Providing safe and effective devices for patients and timely completion of remediation is very important to Philips Respironics.  We will continue to provide you with updates as more information becomes available. 

Trilogy remediation step-by-step guide

As soon as we resume the Trilogy 100/200 remediation program, we want to provide our customers with support in understanding how we are handling the process and knowing what to expect.  

Please use our Trilogy remediation step-by-step guide found here for guidance on the registration and remediation process as well as what to expect when you receive a remediated device.  

Trilogy Remediation Update for Business Customers

We are excited to share that Philips is beginning the rework of affected Trilogy 100/200 devices at Philips Service Centers and designated remanufacturing sites. Initially, we will only be offering this service through Philips, and will continue to work to expand to additional Service Centers to accelerate remediation.

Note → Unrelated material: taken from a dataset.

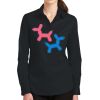 Ladies SuperPro  Twill Shirt Thumbnail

To help maintain continuity of patient therapy and remediate these devices as efficiently as possible, we need our business customers’ help to exchange Trilogy devices to Philips each month in order to reach 100% of patients over the next year. Assuming approximately 10% of our customers’ Trilogy devices are returned each month, we estimate that the remediation timeframe for devices will be approximately 4 weeks per device including ship time to and from Philips.

Information for business customers on Bacteria Filters for Trilogy 100 and 200

In circumstances where a physician determines that a patient should continue use of the affected ventilator device, Philips offers bacteria filters to reduce exposure to sound abatement foam particulate in conjunction with the advice of a physician. 

Bacteria filters should be used in accordance with the affected device’s Instructions for Use (IFU). While use of such filters may reduce exposure to degraded sound abatement foam particles, bacteria filters will not reduce exposure to potential volatile organic compounds (“VOCs”).